Zwei Wochen später fand ich eine Einladung zu einem „Leben im Geist“-Seminar auf meinem Schreibtisch, die - so sagten mir meine Mitarbeiter - von einer Kundin, die ich nur vom Sehen kannte, abgegeben worden war.

Während ich die Einladung öffnete, war in meinem Herzen wie eine Stimme: „ das könnte das sein, wonach du immer gesucht hast“.

Beinahe wäre ich nicht zum ersten Seminarabend gegangen, denn öffentliche Veranstaltungen zu besuchen in dem Ort, in dem ich aufgewachsen war, war mir ziemlich unangenehm. Aber es zog mich buchstäblich wie ein Magnet dorthin. Und von da an fehlte ich keinen Abend.

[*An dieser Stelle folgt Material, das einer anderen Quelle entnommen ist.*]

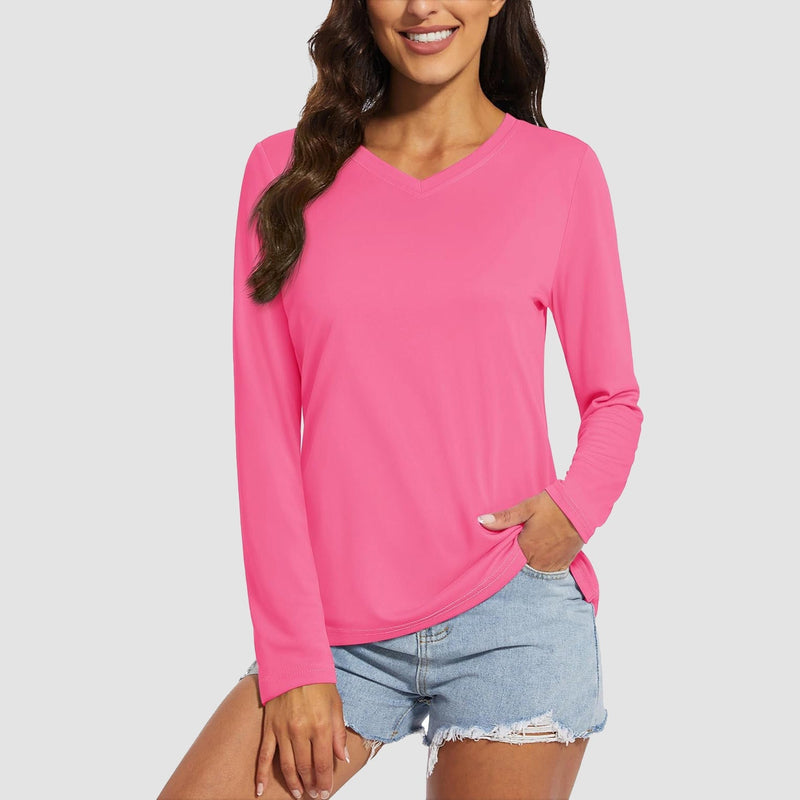 Women's Long Sleeve UPF 50+ V-Neck Hiking & Workout Shirt 15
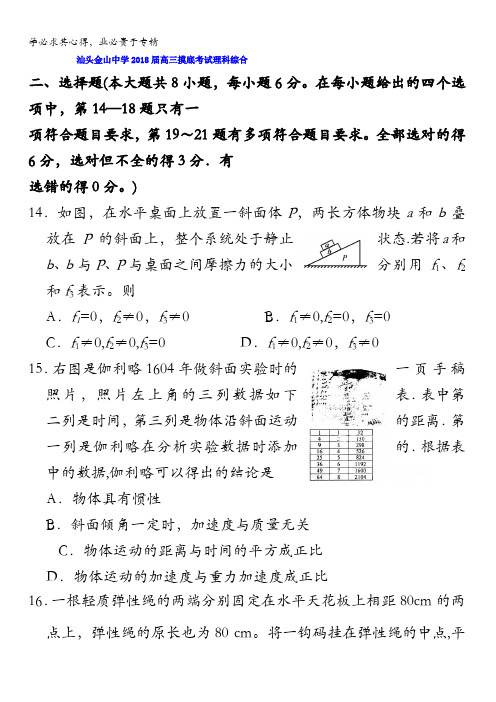 广东省汕头市金山中学2018届高三摸底考试理科综合物理试题含答案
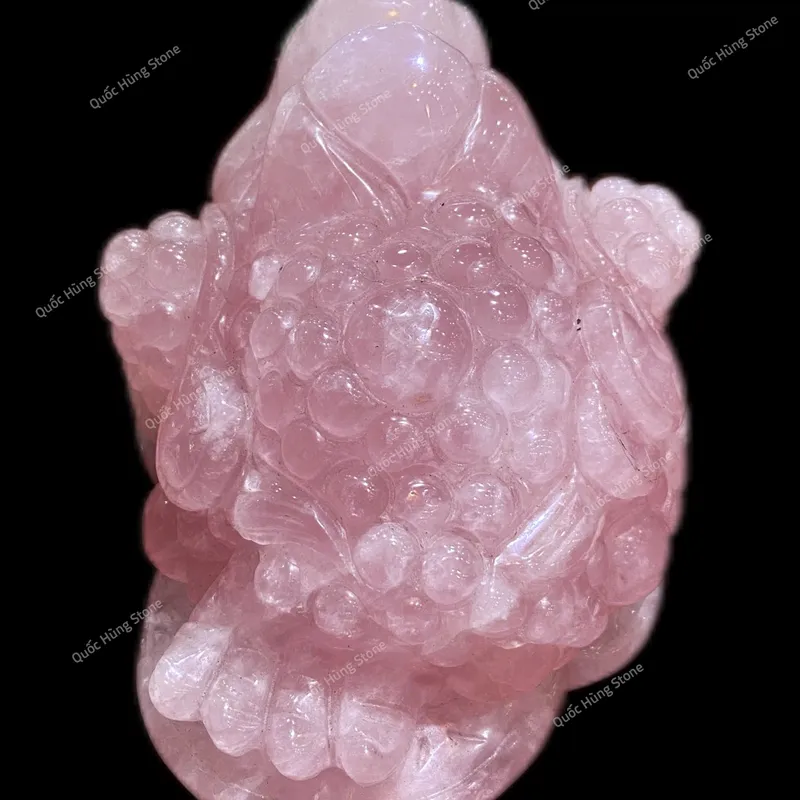 Thiềm Thừ Thu Hút Tài Lộc Thạch Anh Hồng 13x9,5x9cm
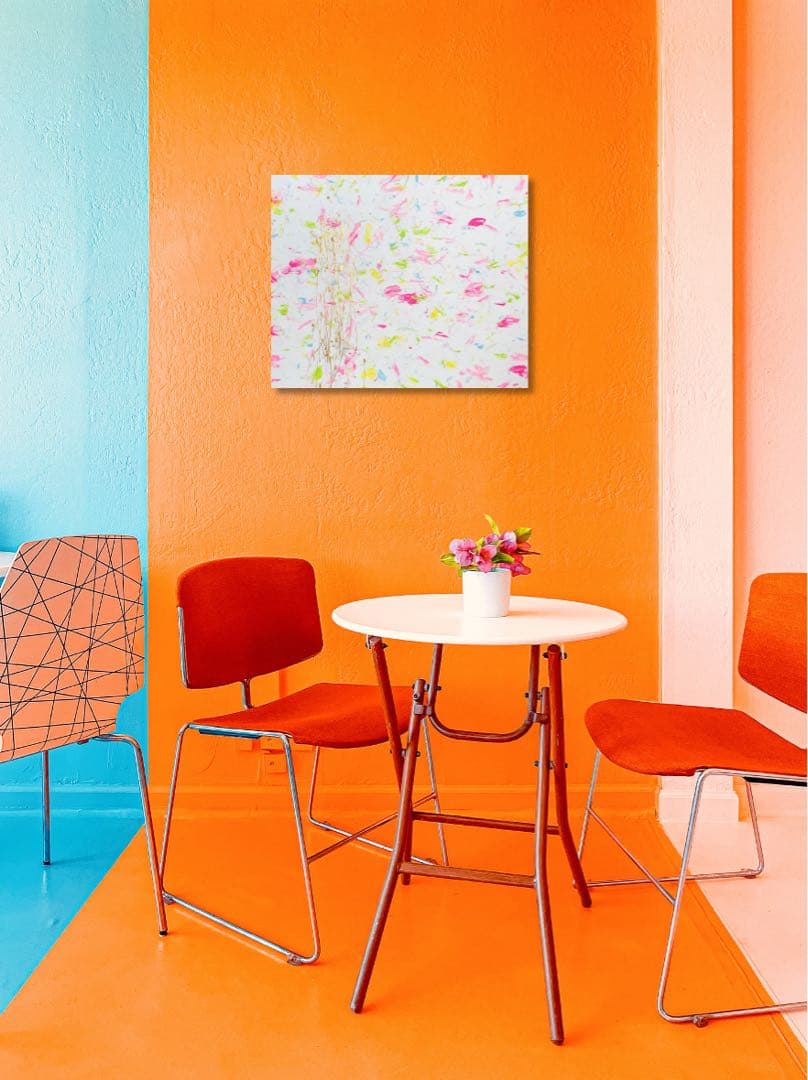 Risbonum☆様専用】油絵 原画 抽象画 北欧 春 花 ピンク F12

Nach einigen Wochen gab es eine Gelegenheit, sein Taufversprechen zu erneuern und sein Leben Jesus anzuvertrauen. Ich wusste, dass ich diese Worte nicht aus tiefster Überzeugung sagen könnte, aber ich traf eine Entscheidung: „Gott, wenn es dich gibt, weißt du, dass ich diese Worte nicht ehrlichen Herzens sprechen werde. Aber ich will es ausprobieren mit Dir. Ich werde ja merken, ob es dich gibt, darum spreche ich sie.“ Das war so eine Art Wette.

Ab dem nächsten Tag war ich ungefähr ein dreiviertel Jahr in einem Dauer-Verliebt-Zustand!

Ich hatte eine Freude, dass ich hätte hüpfen können, und habe es manchmal getan, wenn mich keiner sah. Es war eine Freude und auch ein Frieden in mir, die ich noch nie zuvor erlebt hatte.

Ich wusste mich als die verlorene Tochter, die wieder heimgekehrt ist ins Vaterhaus.

Jesus hatte mich, das verirrte Schaf, gesucht und zurückgebracht.

Irgendwann kam ich auch wieder auf dem Boden meines Alltags und all dessen, was in meinem Leben bisher nicht so gut gelaufen war. Das war ziemlich „Aua“: Zeiten innerer Kämpfe und schrittweise, langsame Versöhnung mit meiner Vergangenheit.

Aber auch darin war Er da: ab dem ersten Tag in meinem neuen Leben mit Jesus durfte ich immer, wirklich immer, das wunderbare Gefühl der Geborgenheit in meinem Innern spüren. Ich wusste mich - obwohl alleinlebend - nie allein.

Jesus hat mich durch sämtliche Schwierigkeiten, innerliche und äußerliche, durchgetragen und mich von alten Bindungen und Mustern befreit.

Gerade in den schwierigen Zeiten, wenn ich an Ihm hing wie an einem dünnen Rettungsseil, das aber nie riss, haben mein Vertrauen, mein Glaube und die Beziehung zu Ihm an Tiefe und Kraft gewonnen.

Besonders Sein Wort - die Bibel - ist mir in diesen Zeiten Quelle des Trostes, der Ermutigung und Seiner Führung geworden. Und der Heilige Geist schenkt die Kraft für alles.

Und es gab auch so viele glückliche Momente mit Ihm, wo Er mir „Erholung in seiner Gegenwart“ schenkte. Und ich wusste: Er war und ist immer da.

Freiheit war immer ein besonders hohes Gut für mich. Nie hätte ich mir früher vorstellen können, dass die eigentliche, wahre Freiheit tatsächlich in Gott zu finden ist. Mit Jesus wurde mein Leben erst richtig lebendig, spannend, voller Überraschungen, und angefüllt mit dieser Freude, die sonst niemand geben kann. In einem Lied heißt es „er hat mich heil und frei gemacht“, das kann ich aus tiefstem Herzen sprechen und singen.

Wieder zu Jesus zu finden, ist das Beste, was mir in meinem Leben passiert ist.